◆ Work instruction: All of the records below are to be output exactly; no image belongs in the result.

Stored dataset items
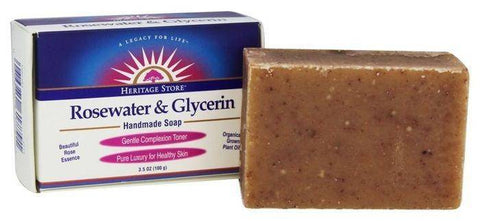 Heritage - Rosewater & Glycerin Handmade Soap - 3.5 Oz.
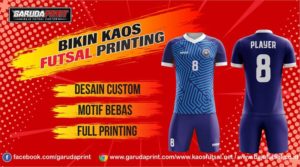 Print Baju Futsal Di Kota Tanjung Melayani Gratis Desain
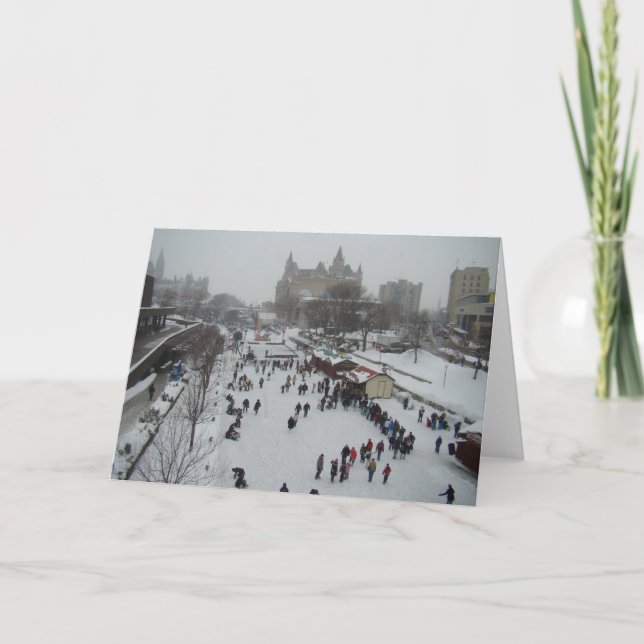 Tarjeta Patinaje en el canal de Rideau (Anverso)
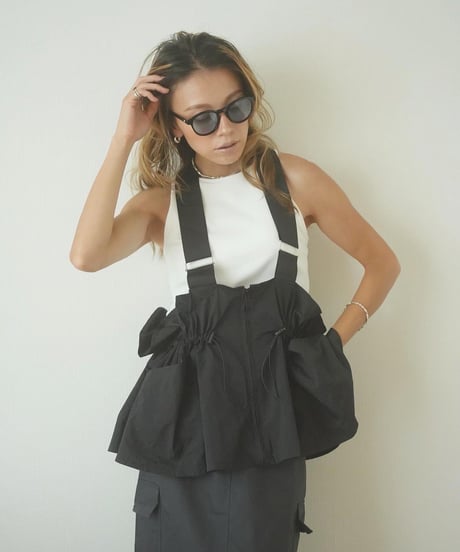 FRILL VEST&CARGO SKIRT SET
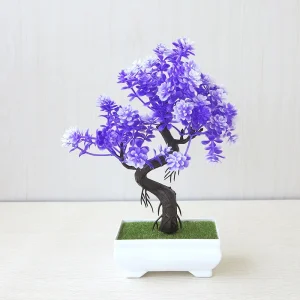 Fake Plant Potted Artificial Plants Decoration Potted Bonsai Small Tree Pot zen Garden Ornaments Table Home Room Decoration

◆ Reply:
 Heritage - Rosewater & Glycerin Handmade Soap - 3.5 Oz.
 Print Baju Futsal Di Kota Tanjung Melayani Gratis Desain
 Tarjeta Patinaje en el canal de Rideau (Anverso)
 FRILL VEST&CARGO SKIRT SET
 Fake Plant Potted Artificial Plants Decoration Potted Bonsai Small Tree Pot zen Garden Ornaments Table Home Room Decoration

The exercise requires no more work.